Look below for the line with "Jeffery Green Edison". Retype it and every line after it to the end, exactly, but leave out the pictures.

◇ ◇ ◇ ◇

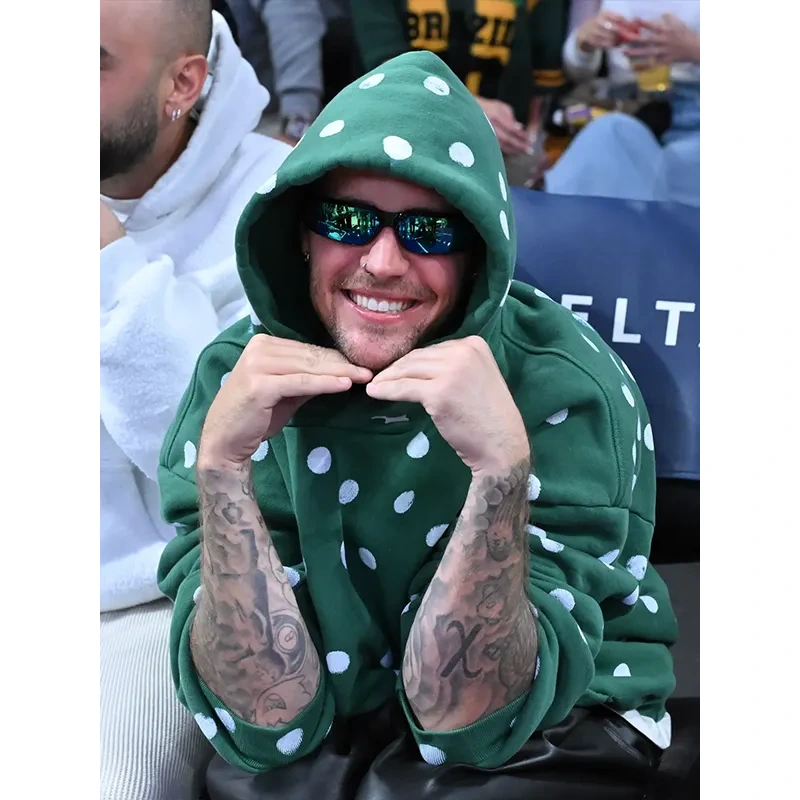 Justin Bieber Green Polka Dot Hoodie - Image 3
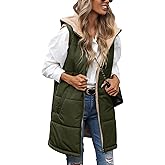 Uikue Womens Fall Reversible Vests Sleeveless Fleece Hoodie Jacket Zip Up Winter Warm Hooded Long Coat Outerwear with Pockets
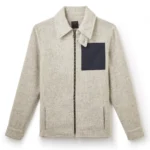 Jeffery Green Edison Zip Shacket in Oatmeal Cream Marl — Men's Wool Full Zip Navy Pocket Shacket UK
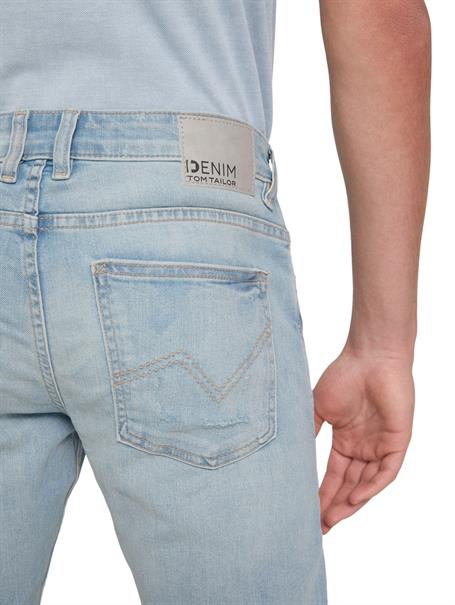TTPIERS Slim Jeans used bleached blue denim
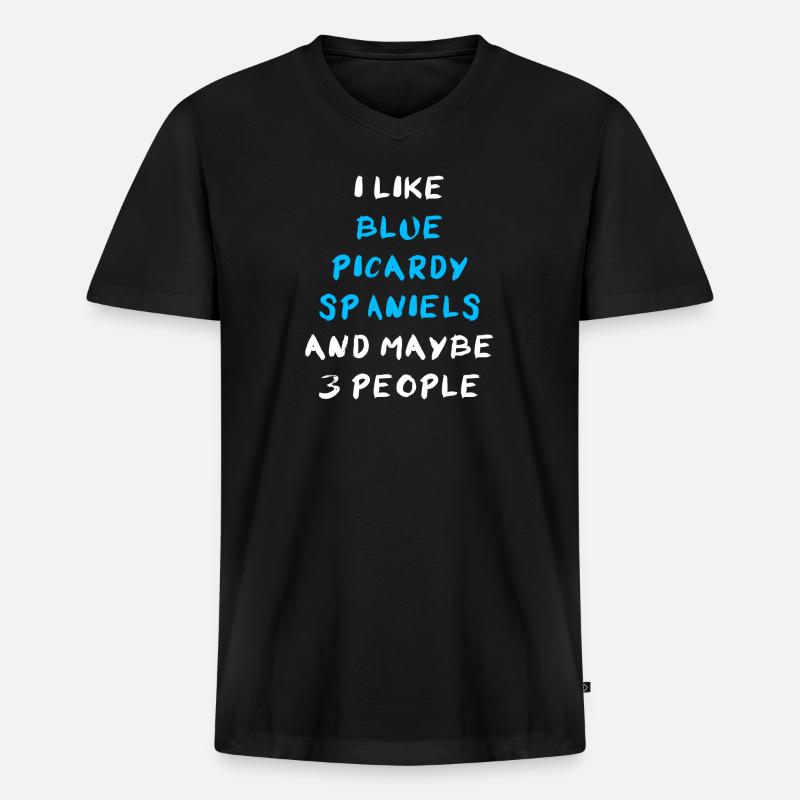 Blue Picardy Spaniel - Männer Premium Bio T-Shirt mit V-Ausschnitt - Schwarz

◇ ◇ ◇ ◇

_Solution for this exercise_
 Jeffery Green Edison Zip Shacket in Oatmeal Cream Marl — Men's Wool Full Zip Navy Pocket Shacket UK
TTPIERS Slim Jeans used bleached blue denim
 Blue Picardy Spaniel - Männer Premium Bio T-Shirt mit V-Ausschnitt - Schwarz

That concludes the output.